[Image-text web data]
◆ ◆ ◆ ◆ ◆ ◆ ◆

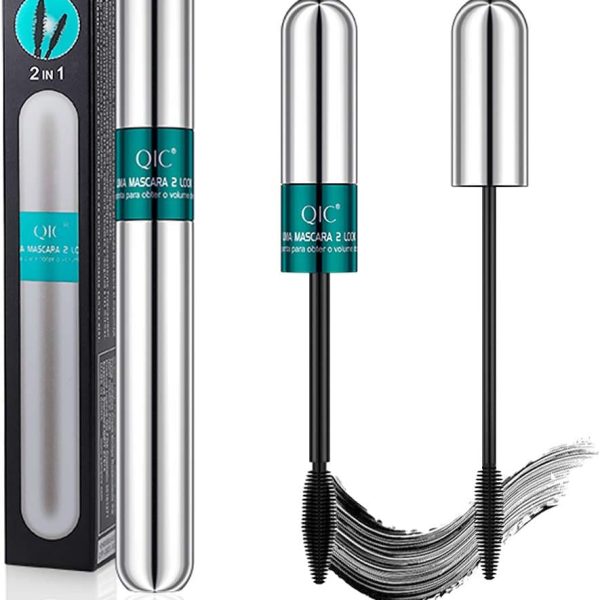 QIC 4D Silk Fiber Lash Mascara, 2 in 1 Mascara For Natural Lengthening And Thickening Effect(Pack of Drak Cyan)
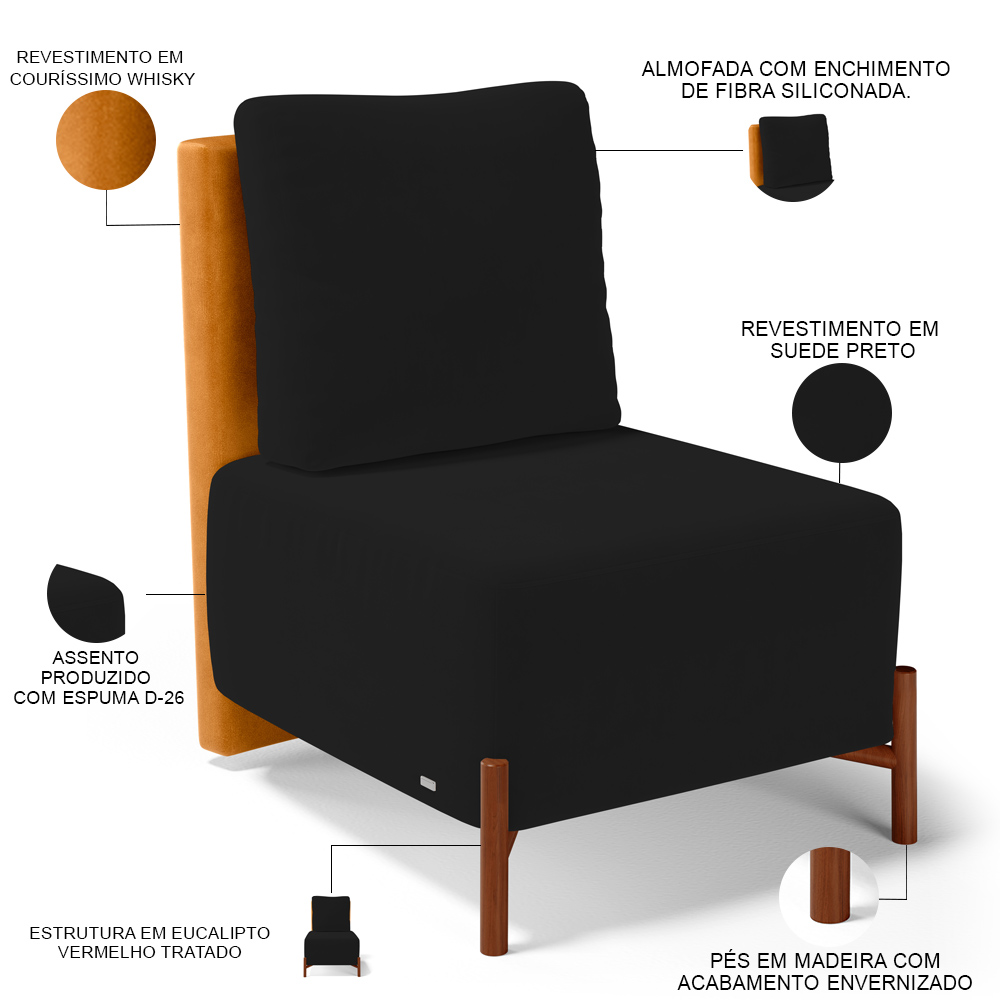 Kit 02 Poltronas Decorativas Sala de Estar Living Hungria L02 Couríssimo Whisky Suede Preto - Lyam
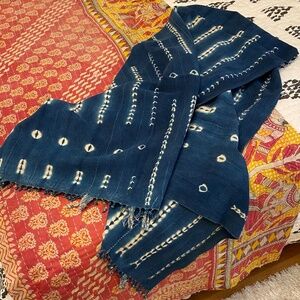 AUTHENTIC AFRICAN INDIGO MUD CLOTH THROW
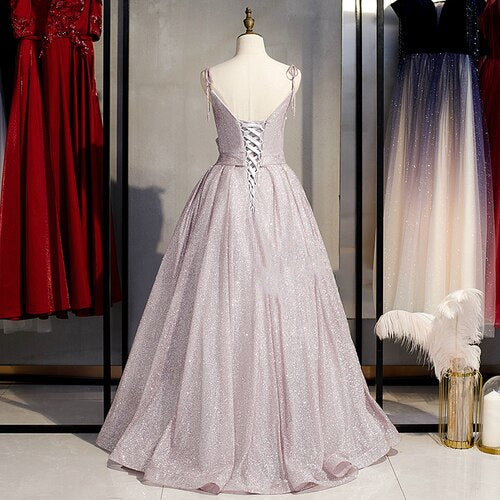 Straps Long Sequin Tulle Prom Dresses, Shiny Prom Dresses,  Long Prom Dresses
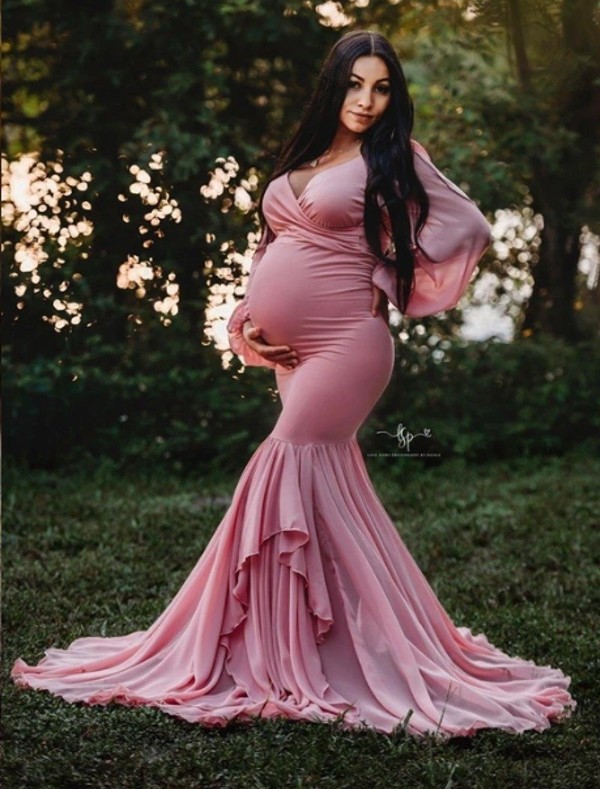 Long Sleeve Maternity Dresses for Photo Shoot Elegant V Neck Velvet Pregnancy  Dress Photography Pregnant Women Baby Shower Cloth | Wish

◆ ◆ ◆ ◆ ◆ ◆ ◆

▶ [Task requirements]
Would you return all of the entries unchanged while omitting the images?

▶ [Response to the exercise]
 QIC 4D Silk Fiber Lash Mascara, 2 in 1 Mascara For Natural Lengthening And Thickening Effect(Pack of Drak Cyan)
 Kit 02 Poltronas Decorativas Sala de Estar Living Hungria L02 Couríssimo Whisky Suede Preto - Lyam
 AUTHENTIC AFRICAN INDIGO MUD CLOTH THROW
 Straps Long Sequin Tulle Prom Dresses, Shiny Prom Dresses,  Long Prom Dresses
 Long Sleeve Maternity Dresses for Photo Shoot Elegant V Neck Velvet Pregnancy  Dress Photography Pregnant Women Baby Shower Cloth | Wish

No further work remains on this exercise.